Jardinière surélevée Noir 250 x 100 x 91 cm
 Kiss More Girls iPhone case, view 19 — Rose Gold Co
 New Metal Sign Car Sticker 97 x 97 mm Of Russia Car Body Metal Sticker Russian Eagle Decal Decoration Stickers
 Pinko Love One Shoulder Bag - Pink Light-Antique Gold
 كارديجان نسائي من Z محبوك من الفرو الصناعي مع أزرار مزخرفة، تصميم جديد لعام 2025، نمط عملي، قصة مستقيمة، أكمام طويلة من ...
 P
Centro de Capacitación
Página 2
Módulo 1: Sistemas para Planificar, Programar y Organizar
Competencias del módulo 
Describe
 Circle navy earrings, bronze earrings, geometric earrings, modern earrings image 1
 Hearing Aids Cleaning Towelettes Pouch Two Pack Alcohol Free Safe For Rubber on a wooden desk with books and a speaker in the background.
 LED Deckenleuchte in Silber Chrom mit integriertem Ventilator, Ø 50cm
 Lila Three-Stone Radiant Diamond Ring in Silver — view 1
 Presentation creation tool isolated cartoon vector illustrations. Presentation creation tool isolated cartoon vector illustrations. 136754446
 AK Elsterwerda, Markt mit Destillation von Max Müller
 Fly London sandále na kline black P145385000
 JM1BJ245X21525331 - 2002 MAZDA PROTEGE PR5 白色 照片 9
_ _ _ _ _ _ _
Your instructions:
What you give back should match the entries above exactly.

Response area:
Jardinière surélevée Noir 250 x 100 x 91 cm
 Kiss More Girls iPhone case, view 19 — Rose Gold Co
 New Metal Sign Car Sticker 97 x 97 mm Of Russia Car Body Metal Sticker Russian Eagle Decal Decoration Stickers
 Pinko Love One Shoulder Bag - Pink Light-Antique Gold
 كارديجان نسائي من Z محبوك من الفرو الصناعي مع أزرار مزخرفة، تصميم جديد لعام 2025، نمط عملي، قصة مستقيمة، أكمام طويلة من ...
 P
Centro de Capacitación
Página 2
Módulo 1: Sistemas para Planificar, Programar y Organizar
Competencias del módulo 
Describe
 Circle navy earrings, bronze earrings, geometric earrings, modern earrings image 1
 Hearing Aids Cleaning Towelettes Pouch Two Pack Alcohol Free Safe For Rubber on a wooden desk with books and a speaker in the background.
 LED Deckenleuchte in Silber Chrom mit integriertem Ventilator, Ø 50cm
 Lila Three-Stone Radiant Diamond Ring in Silver — view 1
 Presentation creation tool isolated cartoon vector illustrations. Presentation creation tool isolated cartoon vector illustrations. 136754446
 AK Elsterwerda, Markt mit Destillation von Max Müller
 Fly London sandále na kline black P145385000
 JM1BJ245X21525331 - 2002 MAZDA PROTEGE PR5 白色 照片 9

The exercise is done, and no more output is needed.